このキャリアから、上田氏は会計監査だけでなく、金融全般と株式上場にも精通している。
クライアントの成長段階に応じたサービス提供体制も整備し、クライアントが年商5億円を超えたら、より専門性の高いサン共同会計事務所に引き継いでクライアントの個別事情に対応していき、株式上場や上場企業への売却といった展開にも対応している。
「ベンチャー企業を支援している当社も、設立5年目のベンチャー企業です。試行錯誤しながらサービスを開発してきました。クライアントの成長過程に合わせて、役に立つサービスを提供していきたいと考えています」(上田氏)
提供サービスは会計・金融関連業務に絞り込み、HR業務やマーケティングなどにまで手を広げない方針だという。
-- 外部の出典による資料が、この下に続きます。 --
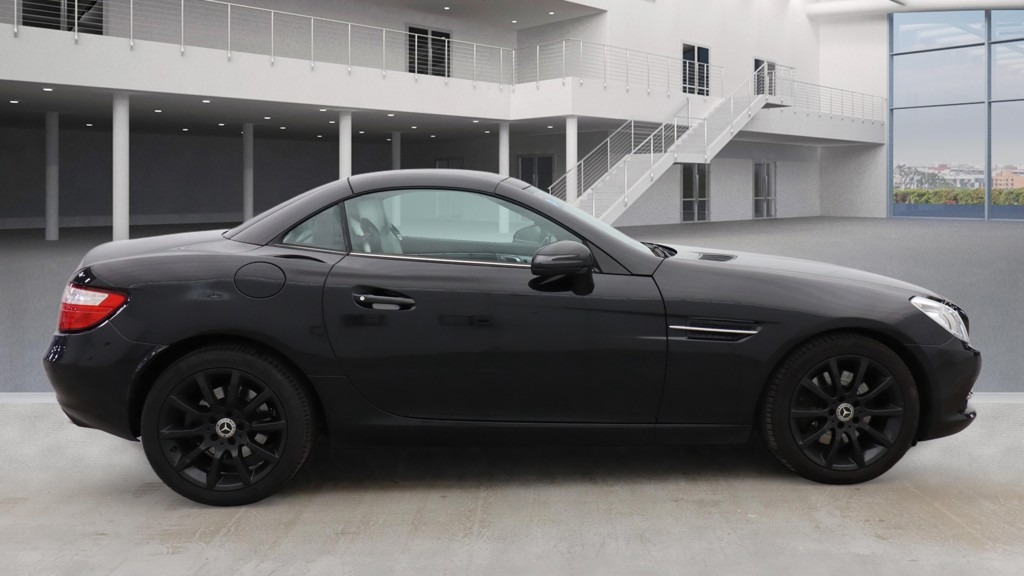 Used Mercedes-Benz SLK 2012 for sale - 77579807: Photo 5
“総合化”による経営資源の拡散を熟知しているのだ。会計監査経験に経営経験を積み重ねた上田氏は、冷徹に社業の推移を見据えている。
その趣旨を上田氏はこう説明する。
「メンバー一同がつねに真にクライアントのためになることだけを考え、アドバイスをし、手を動かす。クラアントにとっては時には耳障りなことを言うかもしれませんが、それがクライアントの発展のために改善が必要なことであれば素直にお伝えする。そんなプロフェッショナル集団でありたいと考えています」
クライアントに対して耳障りな発言をすれば、契約を解除されるかもしれない。そのリスクを懸念して、指摘すべきことを控えてしまう会計事務所も、けっして少なくない。上田氏の本音はどうなのか。
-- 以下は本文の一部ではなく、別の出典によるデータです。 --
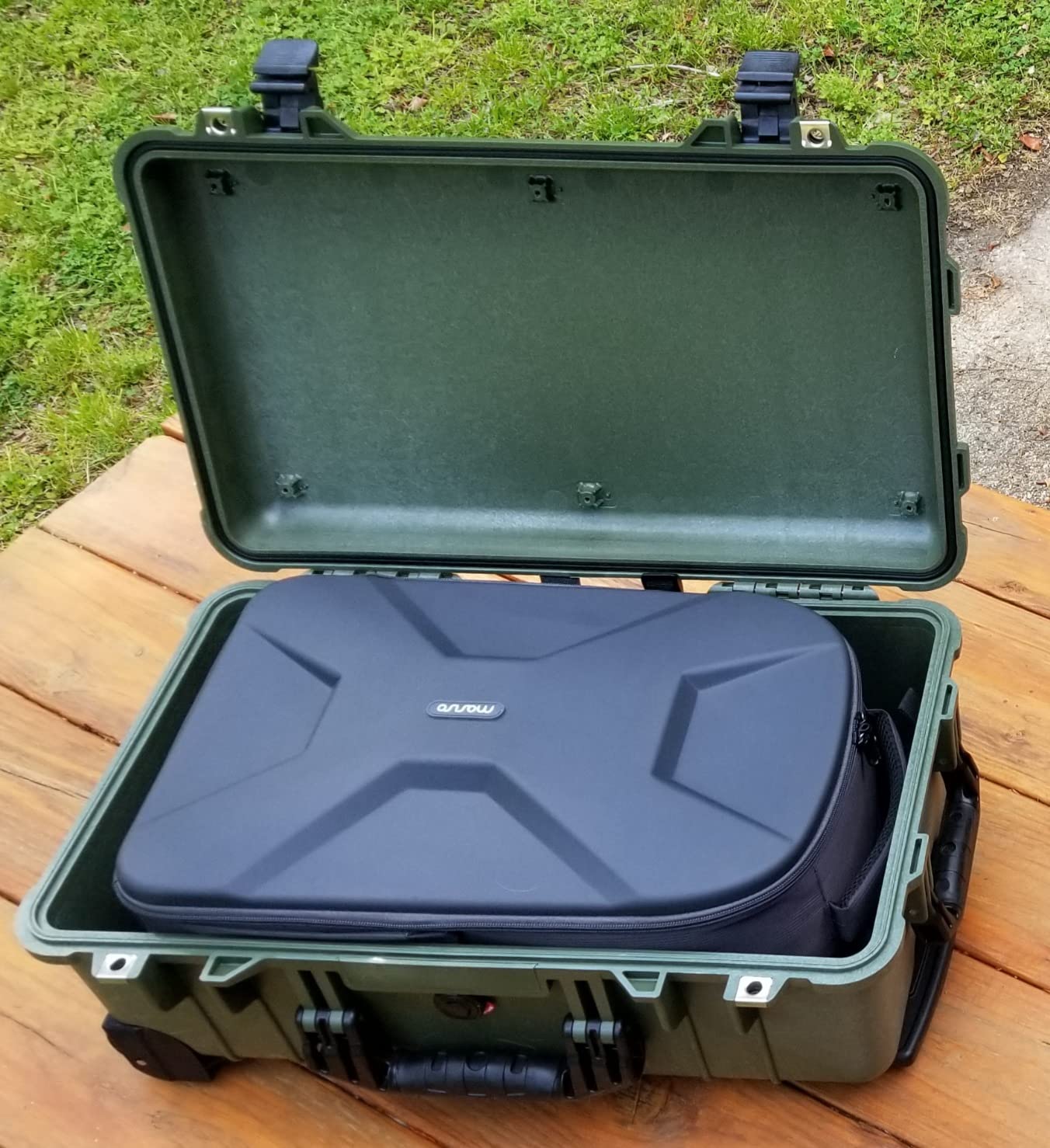 Lowepro Tahoe BP 150, Camera Bag, Lightweight Compact Camera Backpack for Cameras, CSC, DJI Spark Drone, Black Customer Review Lowepro Tahoe BP 150, Camera Bag, Lightweight Compact Camera Backpack for Cameras, CSC, DJI Spark Drone, Black - Customer Photo 1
「耳障りな指摘を嫌がって契約を切るところもあるかもしれませんが、それでも構わないとスタッフには話しています。まだまだ力不足の面もありますが、弊社ではこの基本的な理念を忘れず、つねに組織全体で自己研鑽し、つねにより高いレベルのクライアントサービスをめざしつづけています」
シンアカウンティングサービスは是々非々の姿勢でクライアントに向き合う覚悟を固めている。